Alright guys, any help greatly appreciated. Totalled 555kg at 90kg in my first meet (raw) a few months back (170/140/245), 22 years old. Ive been doing 5/3/1 for almost 9 months now and Im looking to change it up. Its done my bench no favors but my squat and deadlift have come on pretty well.
I was thinking of doing something along the lines of the following;
ME Lower:
Squat/deadlift to a 5 or 3, single if its feeling good
deadlift/squat 3-5 x 5-10
GM 5 x 10
abs 5 x 10
(reasoning behind this- I ll squat for 2-3 weeks first and deadlift light second, then swap over. this way i ll always get to do both lifts but one will be easier/lighter and i ll be able to hammer the form and get the bar moving quickly).
DE Upper
Bench 5-8 x 1-3
military press 5 x 10
upper back stuff
Assistance lower?DE Lower?
not too sure about this. I could box squat a little wider than usual and go with something like 6-8 x 2-3, reasoning being i can use whatever stance i want as im not trying to mimic a squat here. Or I could do some RE type stuff. **** knows. I ll likely do some Oly stuff here too
ME Upper
bench/floor press/rev band/foam press 5 or a 3
assistance lift - extension, db press etc
upper back
This is roughly what I think id go after. This way I will still squat bench and dead every week. I may rotate deads with rack pulls occasionally if I feel like it. Id keep the main movement for more than a week initially I think, id judge it on whether I felt i could make progress on it the next week or not.
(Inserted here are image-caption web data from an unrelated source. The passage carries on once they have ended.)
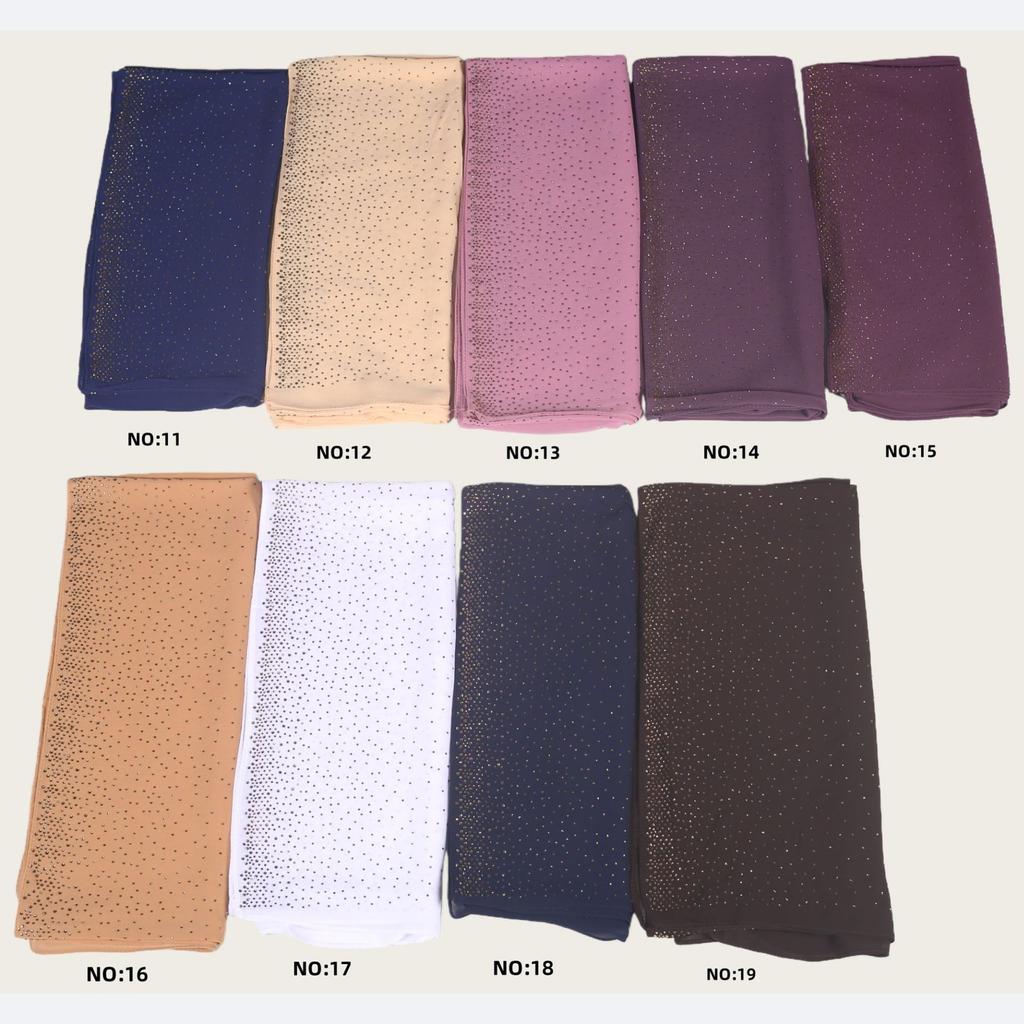Full Cover Rhinestone Chiffon Scarf Solid Color Breathable Prayer Hijab Crinkle Shawl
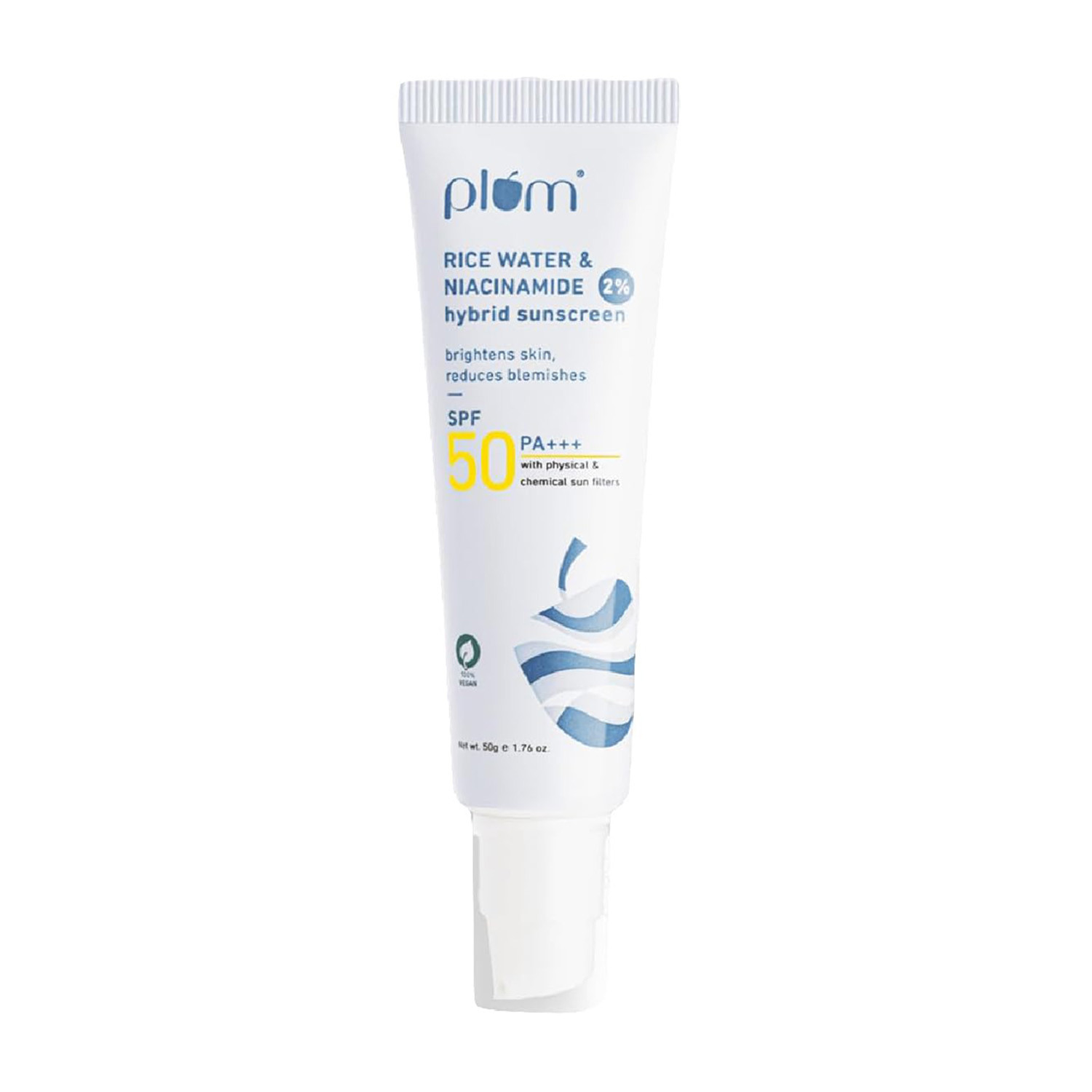 Plum Rice Water & Niacinamide 2% Hybrid Sunscreen SPF 50 PA+++ 50g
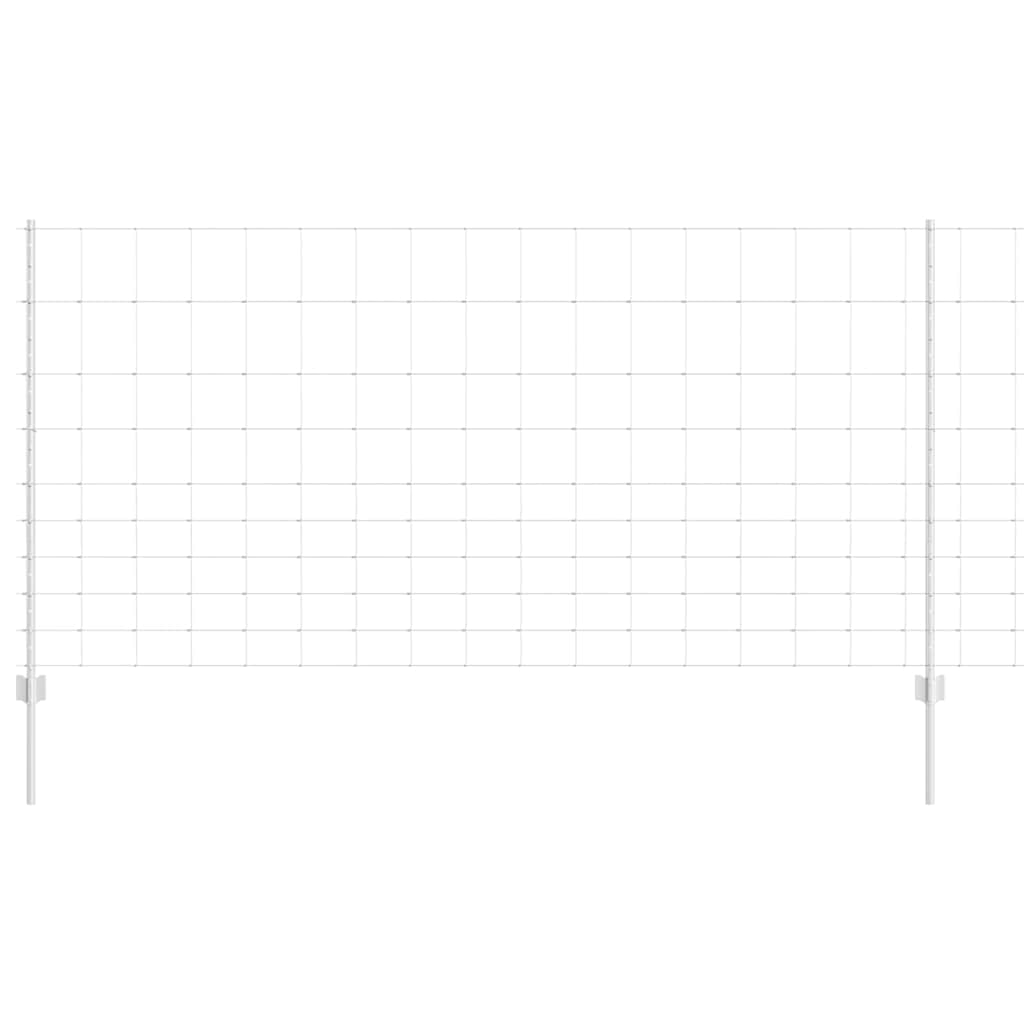 vidaXL Gard cu Stâlp Argintiu 1,2 x 25 m Oțel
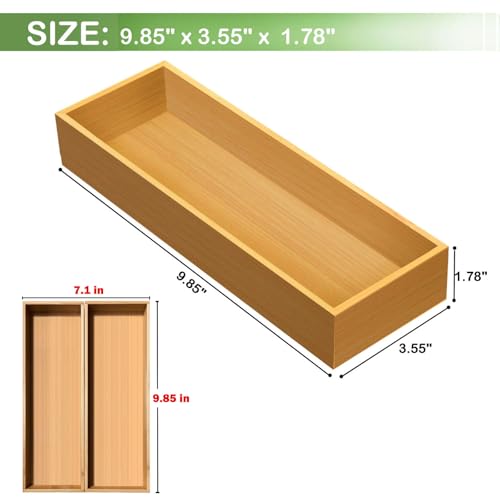 guiogc Bamboo Drawer Silverware Organizer, Silverware Tray, Flatware Organizer, Bamboo Storage Box Suitable for Office, Bathroom and other objects storage (9.85"x3.55"x1.78"- Set of 2) - size: 9.85" x 3.55" x 1.78"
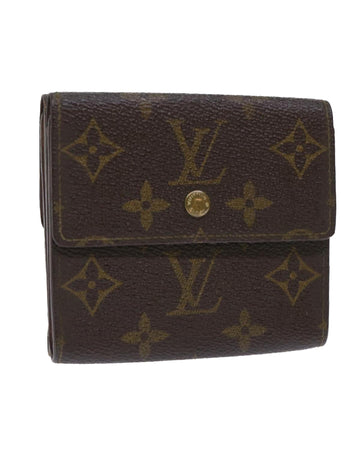 Monogram Canvas Wallet with Clasp Button Closure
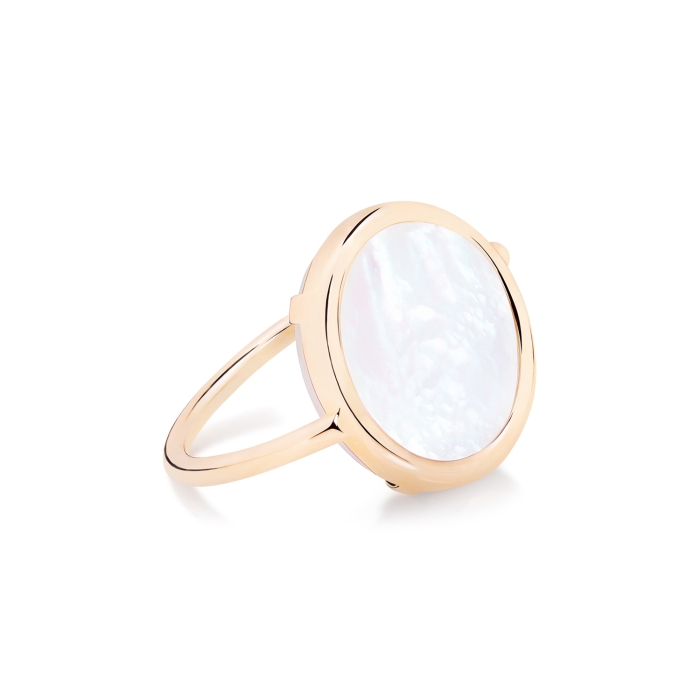 ginette ny baby white MOP disc ring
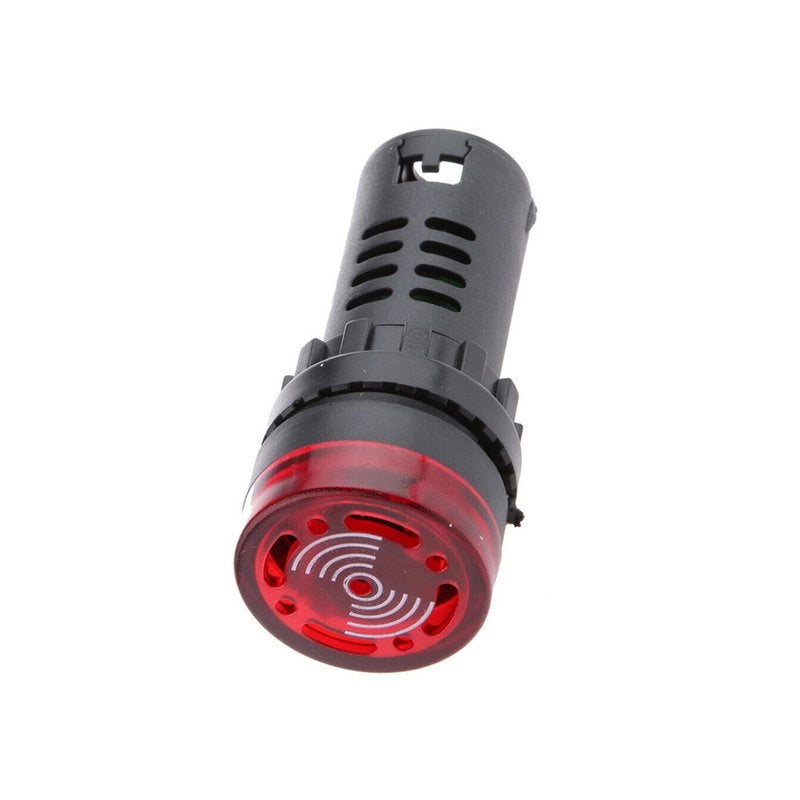 10 Pezzi Indicatore Led Rosso AC 220V Buzzer Allarme Acustico Da Incasso Foro 22mm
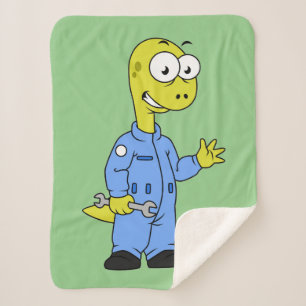 Cobertor Sherpa Ilustração De Um Mecânico Brontossauro.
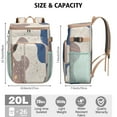 thumbnail image 3 of Cooler Backpack 26 Cans Marble Modern Geometric Flowers Abstract Drink Beverage Beer Bag Cooler Leak Proof Travel Camping Lunch Backpack Office Lunch Storage for Outdoor Enthusiasts, 3 of 6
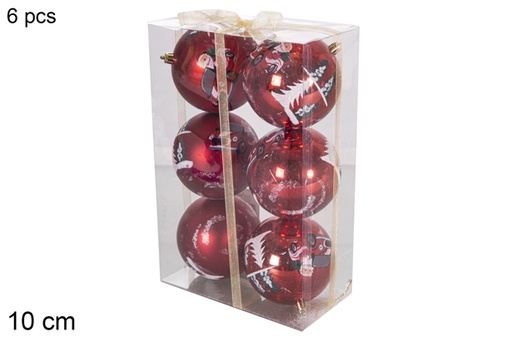 [117841] Pack 6 bolas de PVC vermelhas decoração de cena de Natal 10 cm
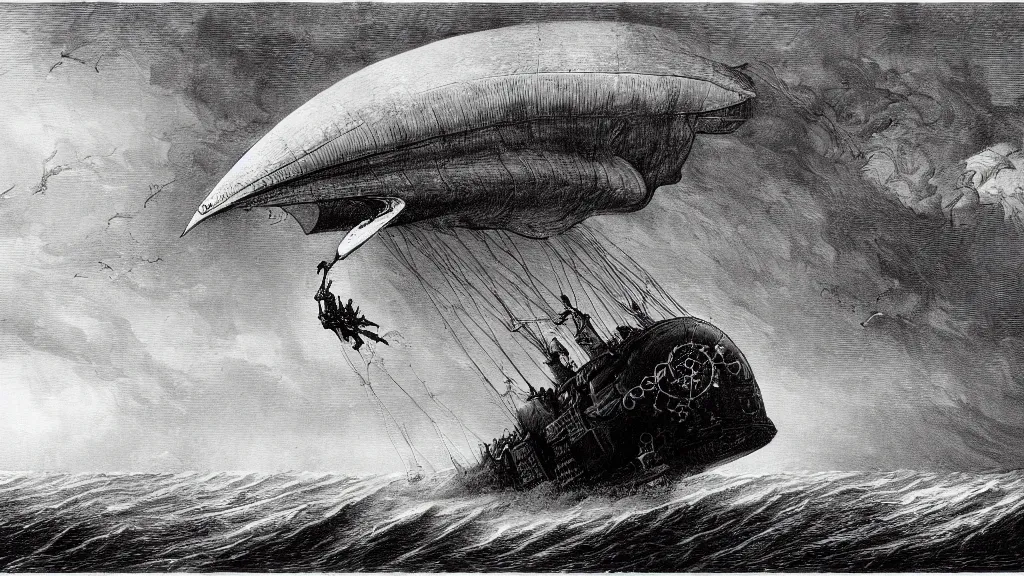 Image similar to drawing of one giant steampunk zeppelin flying above a stormy ocean, by gustave dore, nineteenth century, black and white, vintage, science fiction, epic composition, dramatic lighting, highly detailed, cinematic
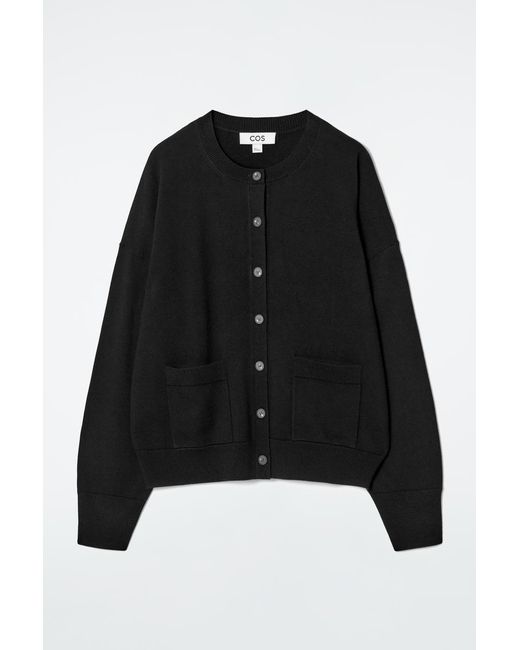 COS Black Merino Wool Crew-Neck Cardigan
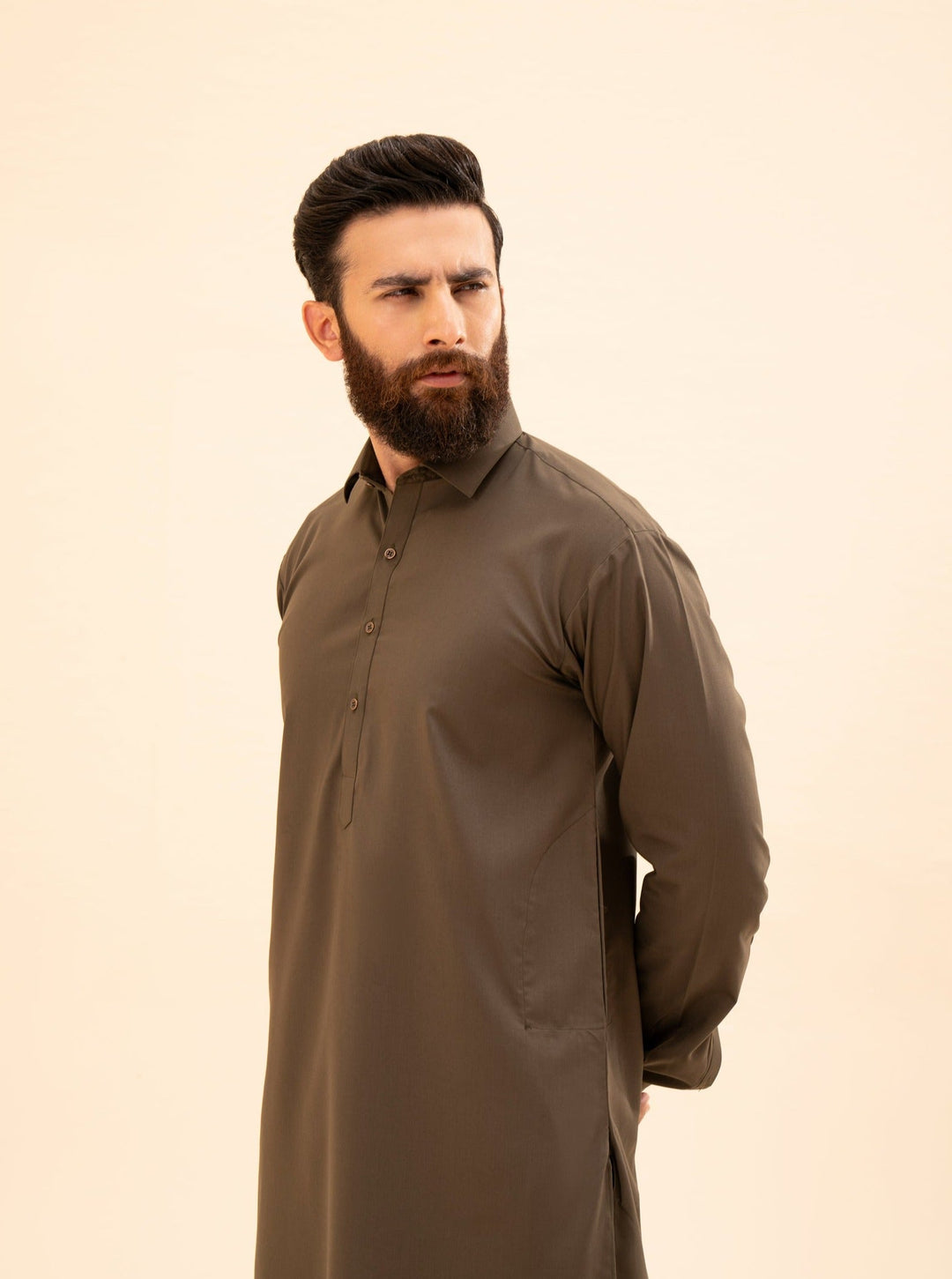 Muraqsh Ready To Wear Solids Cotton Men Olive Green French Collar Kameez Shalwar MUR-OGFCK - Summer Collection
I have no experience of this type of plan really so id hugely appreicate any help anyone could give.
Try the articles FAQ on EFS. It gives a daily breakdown. I’m learning the program myself, I think it’s not supposed to be planned too far in advance, stay off competition lifts for the most part, and don’t ME the same exercise for more than two weeks. Other than that, do what works, just make the numbers go up.
You definitely need to read through all of the articles on EliteFTS, but this book has multiple Westside-based templates already laid out. I’ve set up my own in the past by reading and putting in the time. I wish I would have bought this book first.
Ive done a fair bit on the template, ive got a decent understanding of it, I guess im just loathed to not squat and dealift every week as its what ive always done.
You should squat and deadlift every week. I squat and deadlift twice a lot of weeks. Your DE lower days is when you get in your squat volume. You need to setup the DE lower day right to be successful (eg, 10-12 sets of 2 for squats and deadlift after). Do you have bands or chains? I honestly haven’t seen too many people successfully implement a Westside template without at least one of them.
Wild_Iron would you still recommend Dave use bands and chains even though he is competing RAW. I thought the bands and chains were to maximise the strength curve of equipped lifters because they get so much support in the hole from their equipment.
Our raw lifters use bands and chains. The key is raw lifters should use less band tension or chain weight. Every 4th week we take away the bands/chains to deload and let the body recover. Even as a multi-ply gear whore my training is going better than ever and most of it is raw. Over 12 weeks getting ready for a meet:
DE squat is ~30 raw
ME squat/deadlift is 80% raw
DE bench is 100% raw
ME bench is 75% raw (50% the last 4 weeks)
Bands/chains do two things. On DE day they force you to apply max force through the whole lift which is important. On ME day, they let you handle over your max at the top which makes you stronger faster.
Yeah, minis doubled are good for bench. For deadlift, you should quad the minis. For squatting, the light bands are good. Just make sure you choke them around something big enough that there’s tension in the hole. If the band is slack in the hole, then you’re not going to get the real benefit from the bands. You can use the light bands for reverse band bench and deadlift too.
[quote]Wild_Iron_Gym wrote:
Yeah, minis doubled are good for bench. For deadlift, you should quad the minis. For squatting, the light bands are good. Just make sure you choke them around something big enough that there’s tension in the hole. If the band is slack in the hole, then you’re not going to get the real benefit from the bands. You can use the light bands for reverse band bench and deadlift too.[/quote]
Cheers mate. Ive done the rev band benching and deadlifting a fair bit before and liked it a lot. I ll give the light bands a go for box squatting.